WHAT YOU HAVE TO DO: All of the entries below should be printed exactly; the pictures are to be left out.

[Referring expression grounding data]
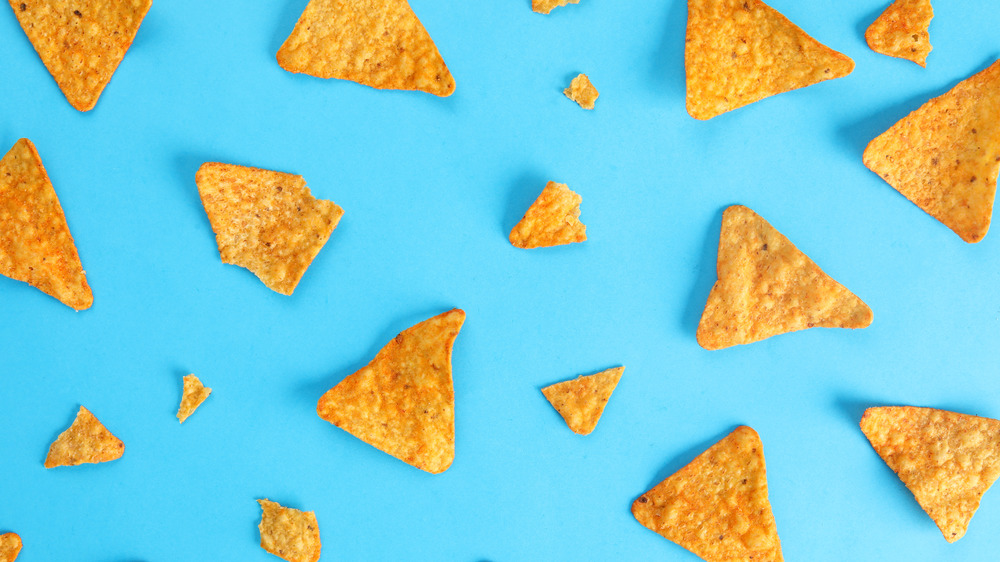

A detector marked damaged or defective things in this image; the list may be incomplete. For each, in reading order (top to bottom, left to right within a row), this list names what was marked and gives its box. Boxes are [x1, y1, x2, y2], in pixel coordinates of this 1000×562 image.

broken chip fragment [195, 161, 344, 294]
broken chip fragment [700, 203, 872, 348]
broken chip fragment [43, 404, 124, 466]
broken chip fragment [258, 498, 320, 560]
broken chip fragment [316, 308, 464, 470]
broken chip fragment [856, 404, 1000, 540]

OUTPUT OF THE EXERCISE:
A detector marked damaged or defective things in this image; the list may be incomplete. For each, in reading order (top to bottom, left to right within a row), this list names what was marked and gives its box. Boxes are [x1, y1, x2, y2], in pixel coordinates of this 1000×562 image.

broken chip fragment [195, 161, 344, 294]
broken chip fragment [700, 203, 872, 348]
broken chip fragment [43, 404, 124, 466]
broken chip fragment [258, 498, 320, 560]
broken chip fragment [316, 308, 464, 470]
broken chip fragment [856, 404, 1000, 540]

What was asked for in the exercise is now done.